### Activity:
Replicate the data exactly, every line included.

### Given information:
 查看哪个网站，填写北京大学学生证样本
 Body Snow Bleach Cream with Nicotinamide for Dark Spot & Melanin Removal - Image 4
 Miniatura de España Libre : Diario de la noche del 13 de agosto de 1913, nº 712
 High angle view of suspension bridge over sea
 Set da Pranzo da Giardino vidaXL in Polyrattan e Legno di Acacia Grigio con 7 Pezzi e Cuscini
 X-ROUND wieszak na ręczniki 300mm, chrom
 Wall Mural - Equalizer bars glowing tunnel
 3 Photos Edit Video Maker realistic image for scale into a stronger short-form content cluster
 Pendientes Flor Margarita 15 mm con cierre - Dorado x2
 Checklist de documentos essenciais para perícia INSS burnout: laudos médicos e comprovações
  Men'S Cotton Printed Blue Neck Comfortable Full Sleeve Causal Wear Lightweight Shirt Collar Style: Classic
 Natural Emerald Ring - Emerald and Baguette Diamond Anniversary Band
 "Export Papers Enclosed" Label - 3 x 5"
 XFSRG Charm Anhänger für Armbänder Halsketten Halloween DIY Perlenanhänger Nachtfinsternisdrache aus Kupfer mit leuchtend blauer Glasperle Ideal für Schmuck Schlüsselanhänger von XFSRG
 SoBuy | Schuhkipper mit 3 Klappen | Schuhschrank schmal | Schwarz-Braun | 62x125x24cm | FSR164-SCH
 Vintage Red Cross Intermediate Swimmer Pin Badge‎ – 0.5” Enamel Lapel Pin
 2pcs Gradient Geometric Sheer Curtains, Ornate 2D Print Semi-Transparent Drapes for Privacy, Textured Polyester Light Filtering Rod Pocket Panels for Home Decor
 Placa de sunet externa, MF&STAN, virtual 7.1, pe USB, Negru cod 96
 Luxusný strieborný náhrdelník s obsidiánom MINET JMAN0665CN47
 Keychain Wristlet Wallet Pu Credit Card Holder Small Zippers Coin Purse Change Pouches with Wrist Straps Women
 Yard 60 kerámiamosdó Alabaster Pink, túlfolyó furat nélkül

### Expected output:
 查看哪个网站，填写北京大学学生证样本
 Body Snow Bleach Cream with Nicotinamide for Dark Spot & Melanin Removal - Image 4
 Miniatura de España Libre : Diario de la noche del 13 de agosto de 1913, nº 712
 High angle view of suspension bridge over sea
 Set da Pranzo da Giardino vidaXL in Polyrattan e Legno di Acacia Grigio con 7 Pezzi e Cuscini
 X-ROUND wieszak na ręczniki 300mm, chrom
 Wall Mural - Equalizer bars glowing tunnel
 3 Photos Edit Video Maker realistic image for scale into a stronger short-form content cluster
 Pendientes Flor Margarita 15 mm con cierre - Dorado x2
 Checklist de documentos essenciais para perícia INSS burnout: laudos médicos e comprovações
  Men'S Cotton Printed Blue Neck Comfortable Full Sleeve Causal Wear Lightweight Shirt Collar Style: Classic
 Natural Emerald Ring - Emerald and Baguette Diamond Anniversary Band
 "Export Papers Enclosed" Label - 3 x 5"
 XFSRG Charm Anhänger für Armbänder Halsketten Halloween DIY Perlenanhänger Nachtfinsternisdrache aus Kupfer mit leuchtend blauer Glasperle Ideal für Schmuck Schlüsselanhänger von XFSRG
 SoBuy | Schuhkipper mit 3 Klappen | Schuhschrank schmal | Schwarz-Braun | 62x125x24cm | FSR164-SCH
 Vintage Red Cross Intermediate Swimmer Pin Badge‎ – 0.5” Enamel Lapel Pin
 2pcs Gradient Geometric Sheer Curtains, Ornate 2D Print Semi-Transparent Drapes for Privacy, Textured Polyester Light Filtering Rod Pocket Panels for Home Decor
 Placa de sunet externa, MF&STAN, virtual 7.1, pe USB, Negru cod 96
 Luxusný strieborný náhrdelník s obsidiánom MINET JMAN0665CN47
 Keychain Wristlet Wallet Pu Credit Card Holder Small Zippers Coin Purse Change Pouches with Wrist Straps Women
 Yard 60 kerámiamosdó Alabaster Pink, túlfolyó furat nélkül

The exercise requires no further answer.